# Goblin mini fill screw



## JackalR (4/9/15)

As title suggests looking for a goblin mini fill screw prefably in or around the Pretoria area

Thanks

Reactions: Like 1


----------



## Nooby (4/9/15)

Hey. There should be a spare which came with the box?


----------



## JackalR (4/9/15)

There is but I'm not at home


----------



## Rafique (4/9/15)

Golin mini comes with all spares EXCEPT the fill screw, the main one you need

Reactions: Informative 1


----------



## Nooby (4/9/15)

I'm sure I have 1 with the silicone o-ring for it as well.. Will check later


----------



## skola (4/9/15)

This doeasn't help @JackalR right now but there is a spare fill screw and o ring in the box. Just checked.


----------



## Rafique (5/9/15)

I have the lemaga goblin mini clone no spare fill screw


----------



## shabbar (5/9/15)

Rafique said:


> I have the lemaga goblin mini clone no spare fill screw



the UD is the authentic and should have spares


----------



## JackalR (9/9/15)

@shabbar 
I've got the UD and found no spare filler screw.

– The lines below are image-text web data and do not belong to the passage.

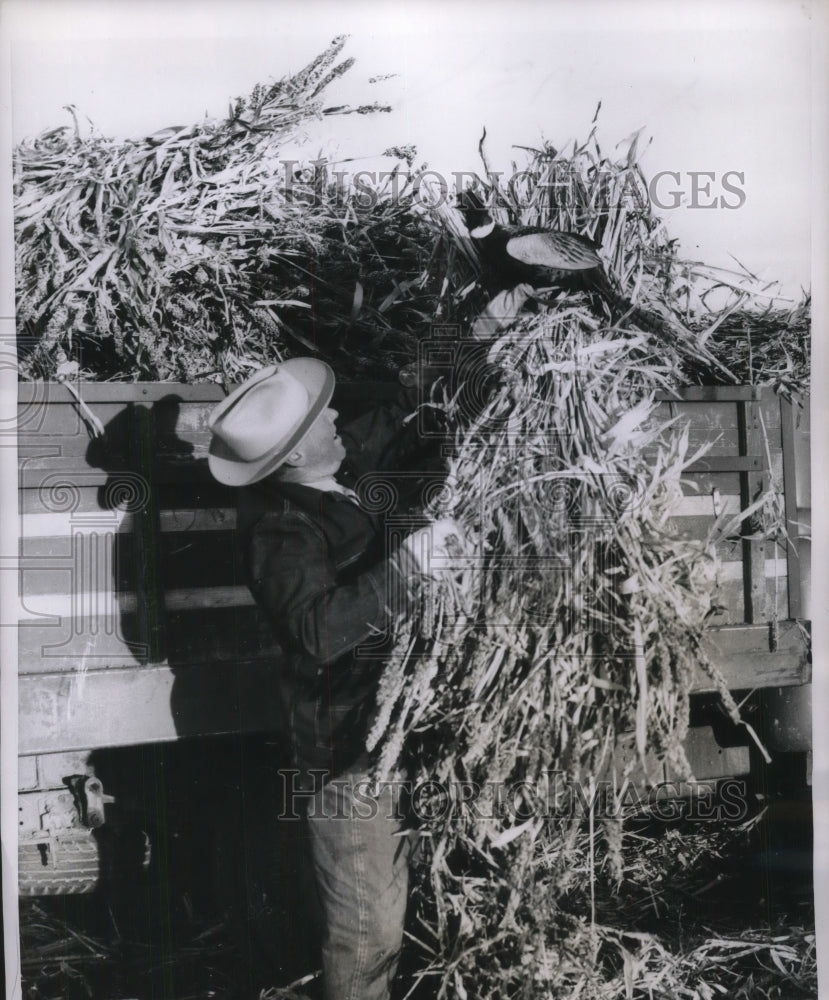 1956 Pheasant Hangs Onto grain That William Robinson is Load - Historic Images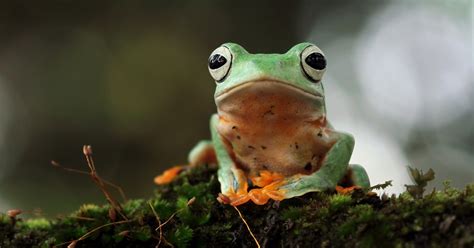 Pet Frogs Can Keep You Hopping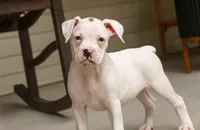 Lily, a female Boxer for sale in Shipshewana, IN – 5 of 10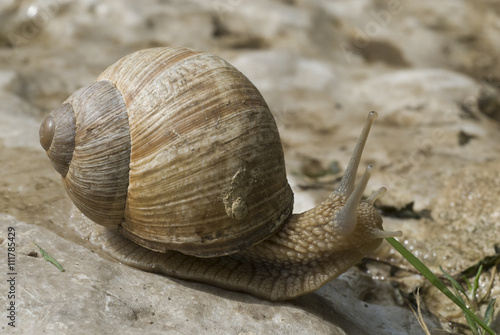 Snails crawl on limestone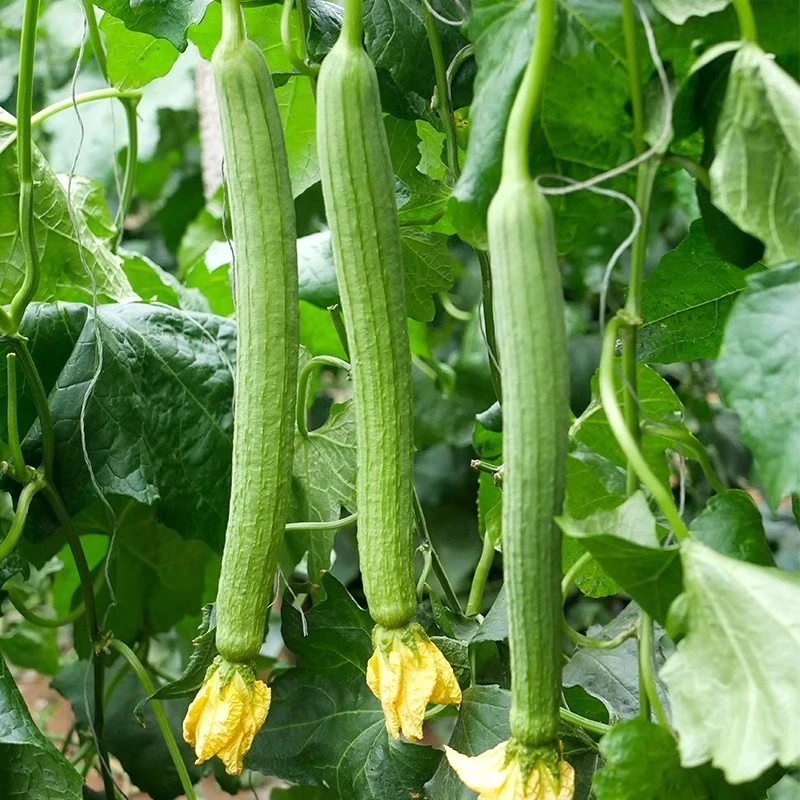 长香丝瓜种子肉丝瓜长棱丝瓜蔬菜种孑特嫩香丝瓜籽楼顶阳台可盆栽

Only spare screws are the post screws and o rings for the glass seals

Luckily after an hours search the screw turned up but note to self don't refill in a car even if you're in a parking lot


----------



## shabbar (9/9/15)

eeeeeeeek , my glass cracked.


----------



## SAVapeGear (9/9/15)

shabbar said:


> eeeeeeeek , my glass cracked.


See.That is what happens when you buy a clone.

And also,I don't think it is made for Clapton Builds.


----------



## shabbar (9/9/15)

SAVapeGear said:


> See.That is what happens when you buy a clone.
> 
> And also,I don't think it is made for Clapton Builds.




 for the price i paid for it i'm not going to complain. works fine no leaks or dry hits. looks and feels like the real thing


----------